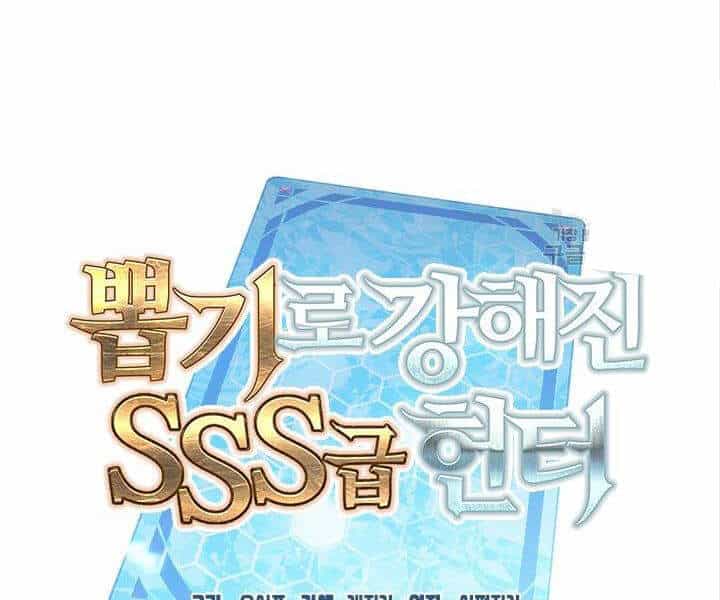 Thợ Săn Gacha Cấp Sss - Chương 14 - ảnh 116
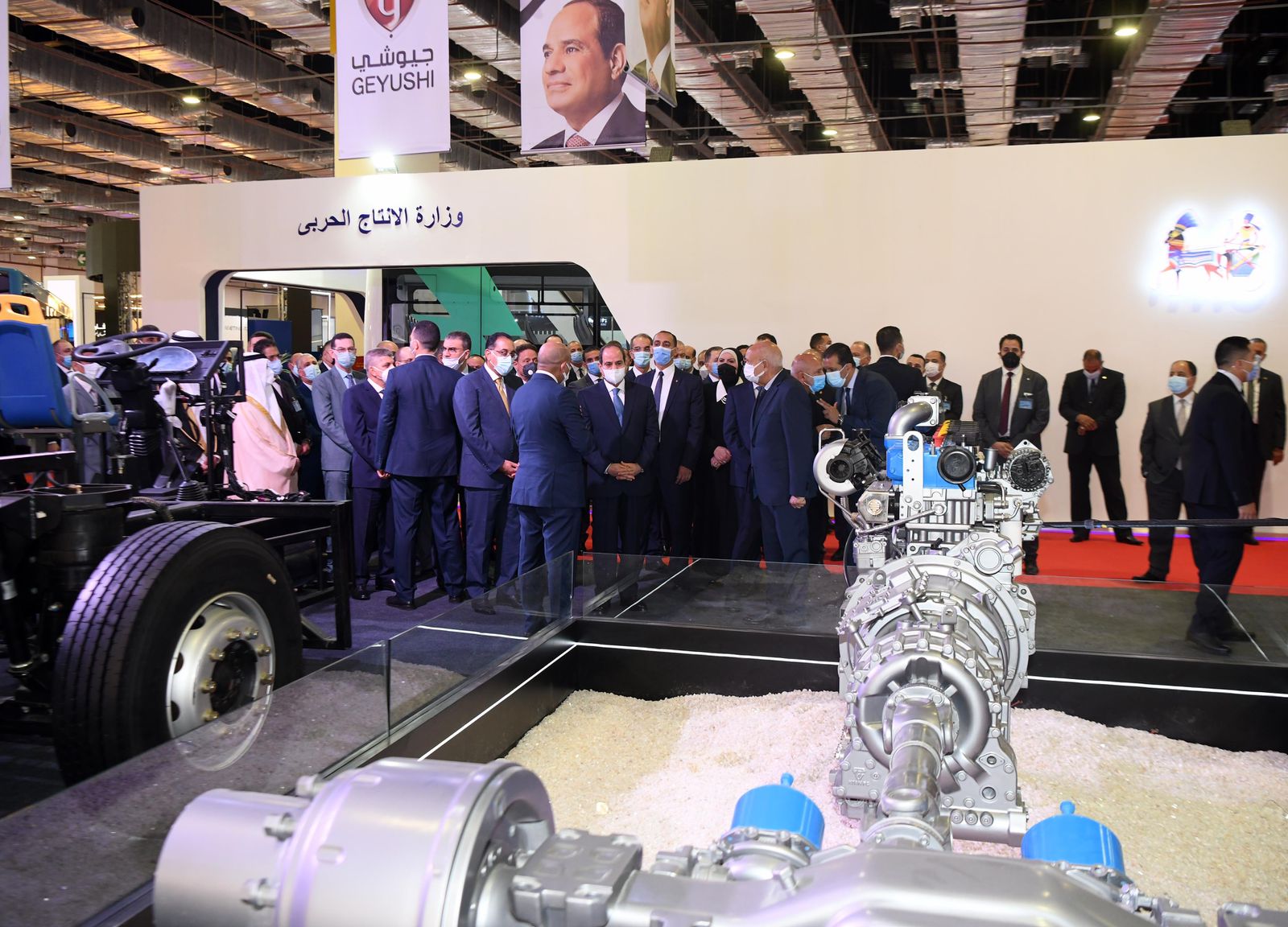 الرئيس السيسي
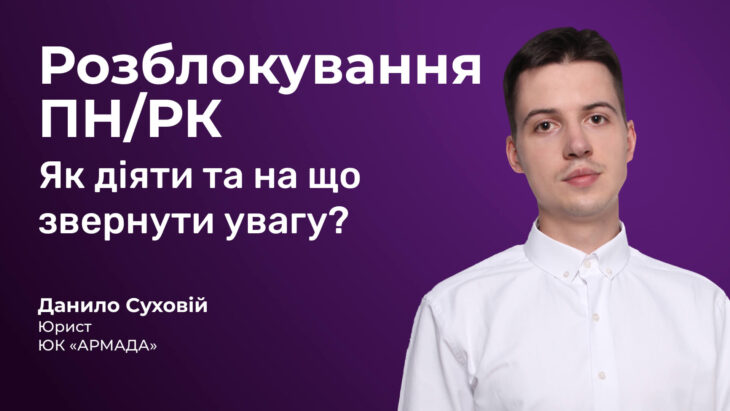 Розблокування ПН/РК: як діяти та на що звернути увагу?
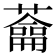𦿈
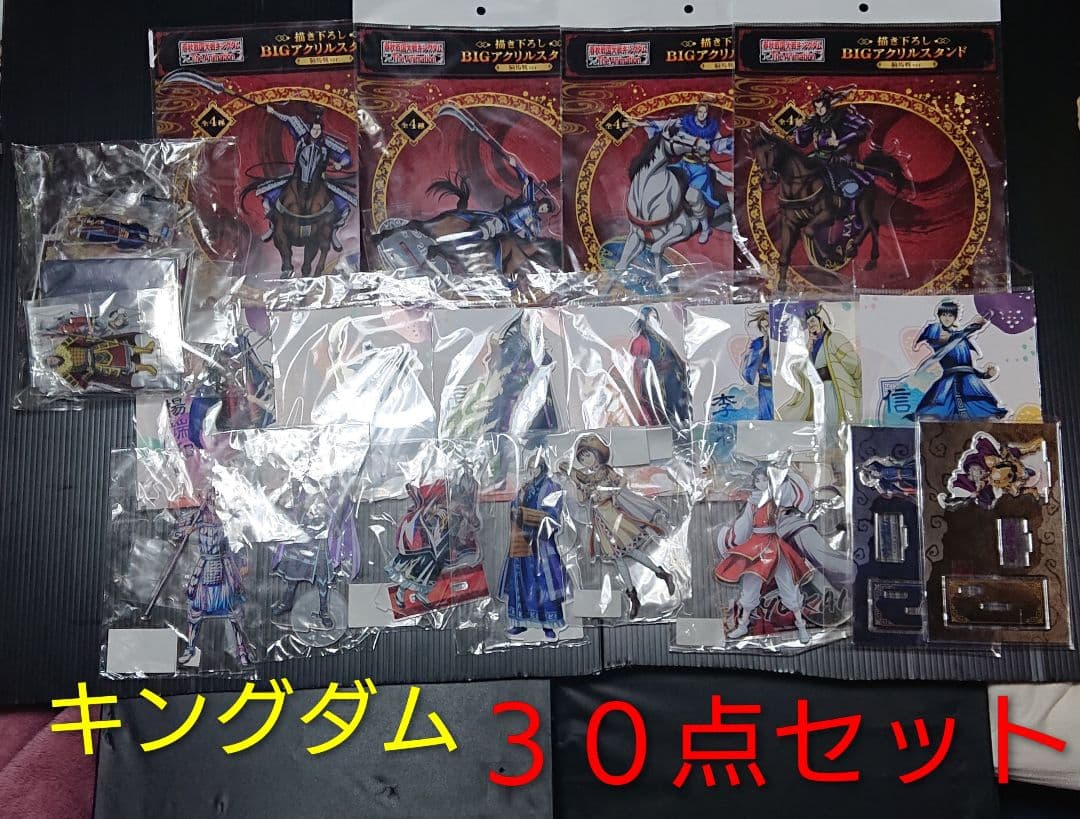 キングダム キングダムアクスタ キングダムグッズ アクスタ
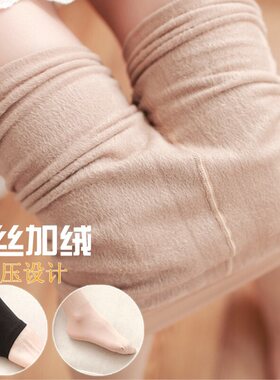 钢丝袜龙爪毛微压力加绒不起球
○ ○ ○ ○ ○
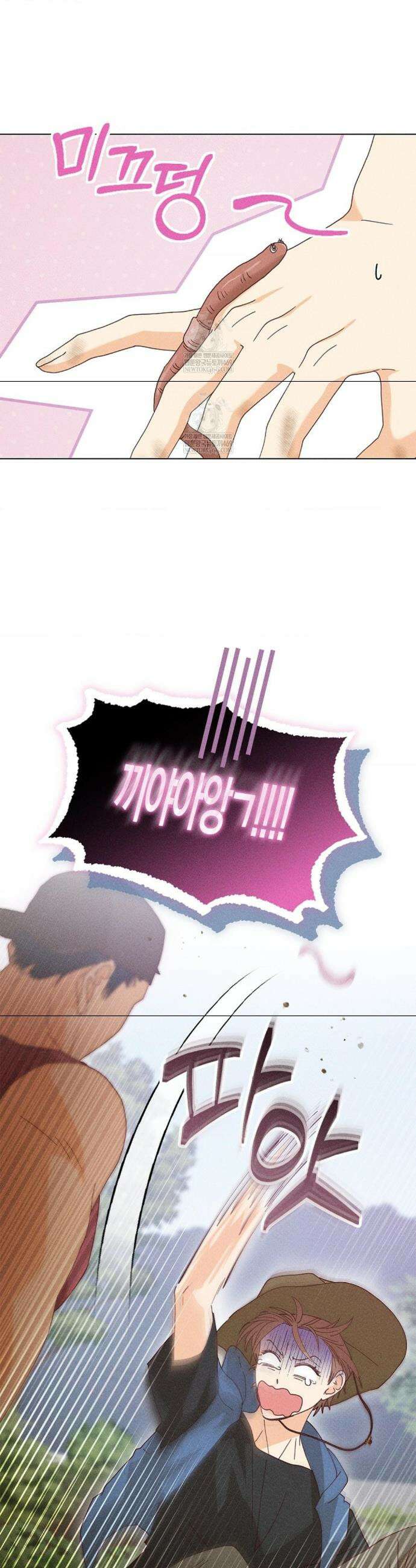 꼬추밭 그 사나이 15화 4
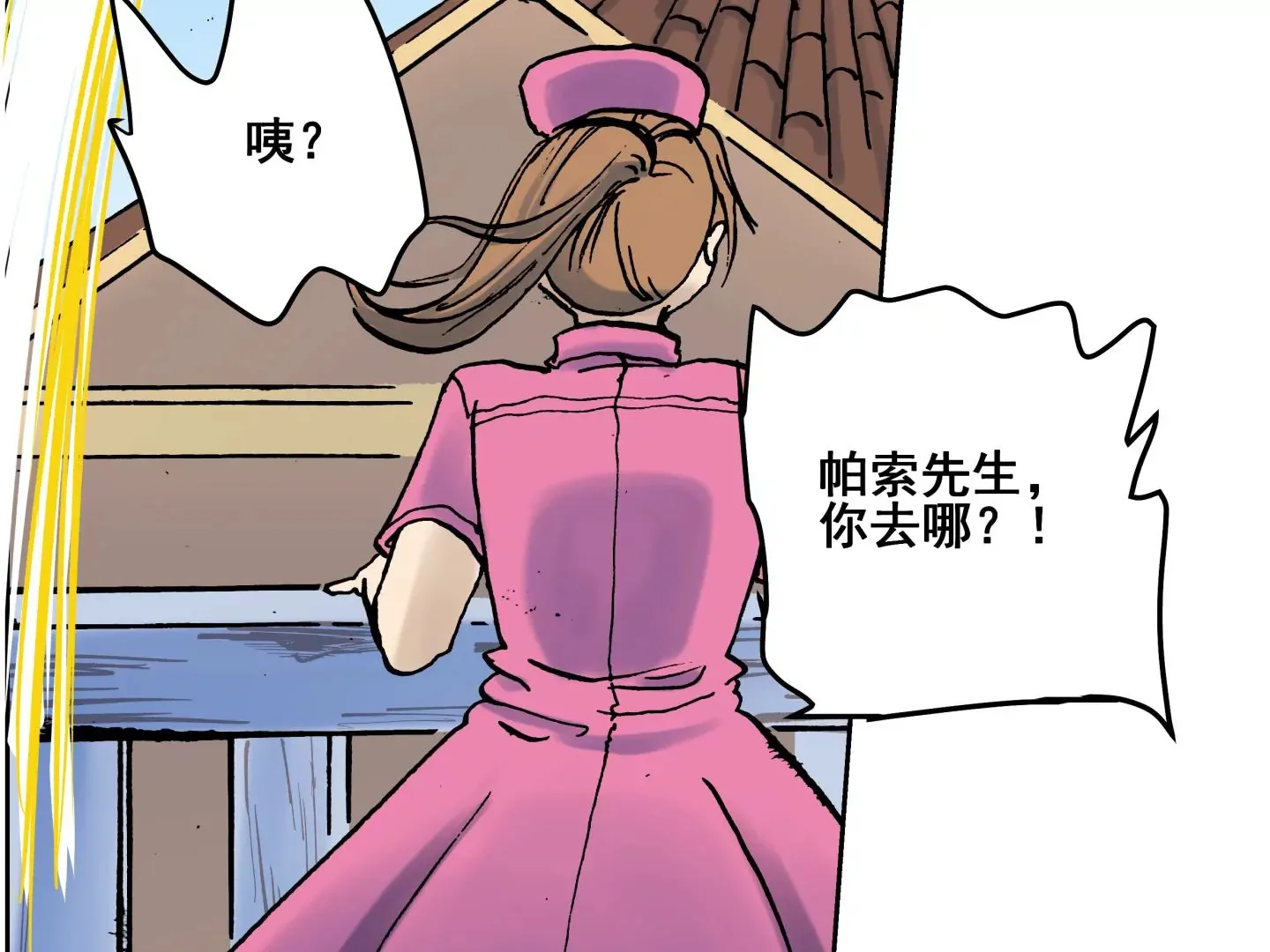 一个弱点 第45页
○ ○ ○ ○ ○
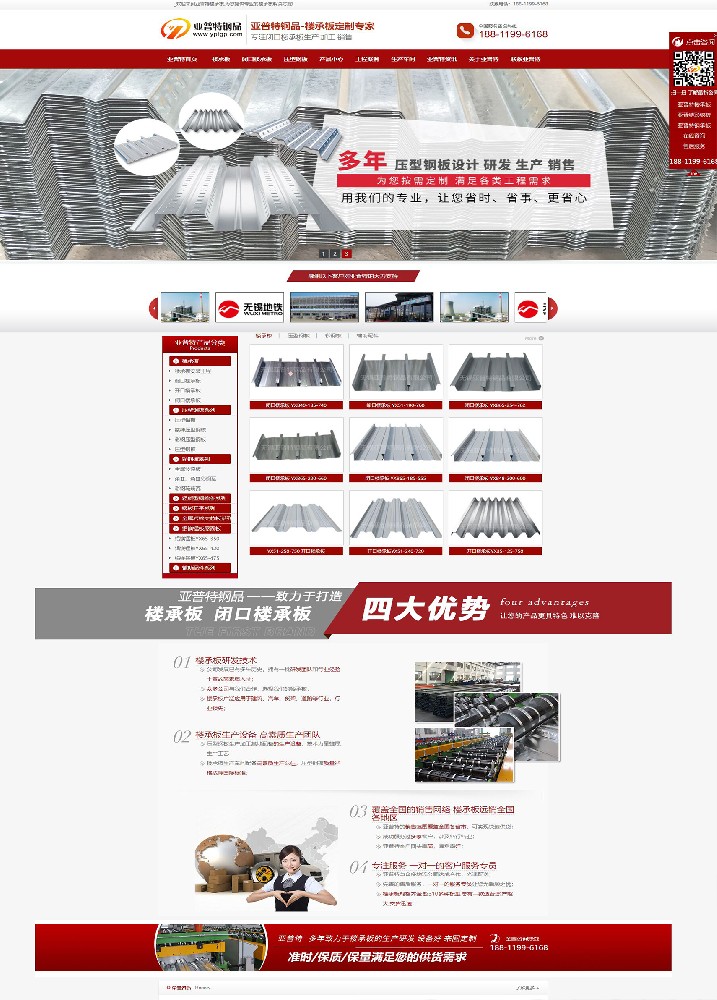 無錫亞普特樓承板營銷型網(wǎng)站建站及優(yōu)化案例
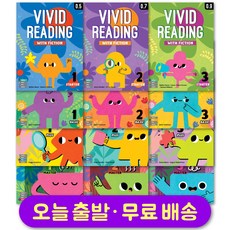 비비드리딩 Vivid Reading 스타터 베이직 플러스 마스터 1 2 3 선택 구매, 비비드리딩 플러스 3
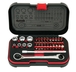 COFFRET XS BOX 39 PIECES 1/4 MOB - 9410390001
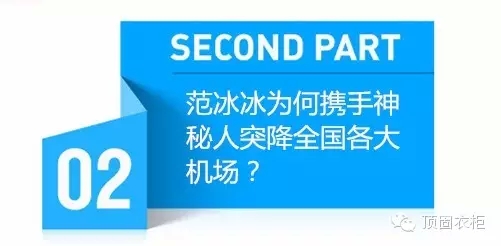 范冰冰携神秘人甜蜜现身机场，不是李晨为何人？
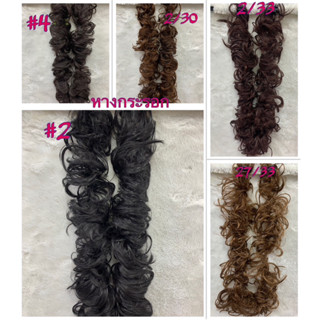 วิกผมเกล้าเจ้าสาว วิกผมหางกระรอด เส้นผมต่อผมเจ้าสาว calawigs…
○ ○ ○ ○ ○
WHAT IS NEEDED:
What you need to produce is an exact copy of the entries above, limited to the lines from the one with "Thợ Săn Gacha Cấp Sss - Chương 14 - ảnh 116" up to and including the one with "钢丝袜龙爪毛微压力加绒不起球", without pictures.

EXPECTED ANSWER:
 Thợ Săn Gacha Cấp Sss - Chương 14 - ảnh 116
 الرئيس السيسي
 Розблокування ПН/РК: як діяти та на що звернути увагу?
𦿈
 キングダム キングダムアクスタ キングダムグッズ アクスタ
 钢丝袜龙爪毛微压力加绒不起球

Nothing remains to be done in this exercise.